§ TO DO
Produce an exact copy of the lines below, starting at the first and ending with the line containing "BMW 430i Gran".

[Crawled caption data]
****

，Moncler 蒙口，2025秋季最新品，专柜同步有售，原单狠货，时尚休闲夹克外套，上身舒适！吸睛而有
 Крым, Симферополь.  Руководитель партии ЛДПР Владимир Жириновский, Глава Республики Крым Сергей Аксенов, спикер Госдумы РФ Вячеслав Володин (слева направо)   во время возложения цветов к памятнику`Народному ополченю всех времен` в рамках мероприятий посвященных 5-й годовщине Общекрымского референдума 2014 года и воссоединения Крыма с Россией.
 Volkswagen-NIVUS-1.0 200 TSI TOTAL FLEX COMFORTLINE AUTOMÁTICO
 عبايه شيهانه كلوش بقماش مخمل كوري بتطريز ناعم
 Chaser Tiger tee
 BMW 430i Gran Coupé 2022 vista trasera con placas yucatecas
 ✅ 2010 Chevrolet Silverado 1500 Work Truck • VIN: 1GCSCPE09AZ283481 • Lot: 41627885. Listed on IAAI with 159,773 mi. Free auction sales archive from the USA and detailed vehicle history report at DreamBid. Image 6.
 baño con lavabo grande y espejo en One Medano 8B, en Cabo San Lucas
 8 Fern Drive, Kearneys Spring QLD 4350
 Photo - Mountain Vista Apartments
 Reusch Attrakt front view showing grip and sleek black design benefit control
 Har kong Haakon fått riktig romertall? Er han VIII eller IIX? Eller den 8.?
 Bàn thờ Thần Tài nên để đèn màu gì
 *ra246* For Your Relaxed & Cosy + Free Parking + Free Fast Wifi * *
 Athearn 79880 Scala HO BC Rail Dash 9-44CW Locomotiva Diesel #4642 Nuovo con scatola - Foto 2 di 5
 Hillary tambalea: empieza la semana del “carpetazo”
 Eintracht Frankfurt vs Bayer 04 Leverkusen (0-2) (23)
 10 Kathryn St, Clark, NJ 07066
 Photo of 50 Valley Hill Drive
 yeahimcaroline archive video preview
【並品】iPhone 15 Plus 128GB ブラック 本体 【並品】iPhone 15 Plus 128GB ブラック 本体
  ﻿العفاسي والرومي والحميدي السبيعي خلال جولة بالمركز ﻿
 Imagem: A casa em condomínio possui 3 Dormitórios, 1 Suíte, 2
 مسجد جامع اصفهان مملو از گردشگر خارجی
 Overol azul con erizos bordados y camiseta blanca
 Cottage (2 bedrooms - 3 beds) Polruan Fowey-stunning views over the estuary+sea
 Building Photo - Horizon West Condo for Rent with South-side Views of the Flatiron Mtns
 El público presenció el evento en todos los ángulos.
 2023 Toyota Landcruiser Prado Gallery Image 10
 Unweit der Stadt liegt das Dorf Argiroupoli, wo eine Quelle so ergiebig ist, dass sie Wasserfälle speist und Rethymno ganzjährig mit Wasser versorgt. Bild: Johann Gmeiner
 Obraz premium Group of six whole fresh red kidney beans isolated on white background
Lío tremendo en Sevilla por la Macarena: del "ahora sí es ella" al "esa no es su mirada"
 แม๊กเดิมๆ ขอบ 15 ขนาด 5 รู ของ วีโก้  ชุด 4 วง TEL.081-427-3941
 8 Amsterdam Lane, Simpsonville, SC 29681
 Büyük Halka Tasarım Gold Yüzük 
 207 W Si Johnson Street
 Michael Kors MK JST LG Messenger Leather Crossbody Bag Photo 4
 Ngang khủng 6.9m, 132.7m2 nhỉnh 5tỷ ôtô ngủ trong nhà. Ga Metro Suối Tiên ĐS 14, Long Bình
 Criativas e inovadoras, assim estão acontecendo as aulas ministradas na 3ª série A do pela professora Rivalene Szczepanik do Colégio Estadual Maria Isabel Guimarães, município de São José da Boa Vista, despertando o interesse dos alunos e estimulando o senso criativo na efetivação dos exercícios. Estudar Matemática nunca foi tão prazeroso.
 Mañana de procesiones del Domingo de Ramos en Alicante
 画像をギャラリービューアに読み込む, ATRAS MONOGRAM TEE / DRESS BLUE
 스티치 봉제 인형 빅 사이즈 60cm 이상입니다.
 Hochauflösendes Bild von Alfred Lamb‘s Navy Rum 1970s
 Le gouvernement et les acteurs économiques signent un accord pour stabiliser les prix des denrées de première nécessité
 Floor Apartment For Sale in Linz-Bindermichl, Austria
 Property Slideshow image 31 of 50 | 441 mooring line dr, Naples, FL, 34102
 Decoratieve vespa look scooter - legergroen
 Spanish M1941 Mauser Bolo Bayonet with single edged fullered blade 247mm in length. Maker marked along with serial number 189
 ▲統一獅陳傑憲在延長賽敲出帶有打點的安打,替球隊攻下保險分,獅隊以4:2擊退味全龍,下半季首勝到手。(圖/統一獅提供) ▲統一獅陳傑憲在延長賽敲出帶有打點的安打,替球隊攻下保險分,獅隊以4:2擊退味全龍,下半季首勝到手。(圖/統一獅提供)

****

§ PROBLEM SOLUTION
，Moncler 蒙口，2025秋季最新品，专柜同步有售，原单狠货，时尚休闲夹克外套，上身舒适！吸睛而有
 Крым, Симферополь.  Руководитель партии ЛДПР Владимир Жириновский, Глава Республики Крым Сергей Аксенов, спикер Госдумы РФ Вячеслав Володин (слева направо)   во время возложения цветов к памятнику`Народному ополченю всех времен` в рамках мероприятий посвященных 5-й годовщине Общекрымского референдума 2014 года и воссоединения Крыма с Россией.
 Volkswagen-NIVUS-1.0 200 TSI TOTAL FLEX COMFORTLINE AUTOMÁTICO
 عبايه شيهانه كلوش بقماش مخمل كوري بتطريز ناعم
 Chaser Tiger tee
 BMW 430i Gran Coupé 2022 vista trasera con placas yucatecas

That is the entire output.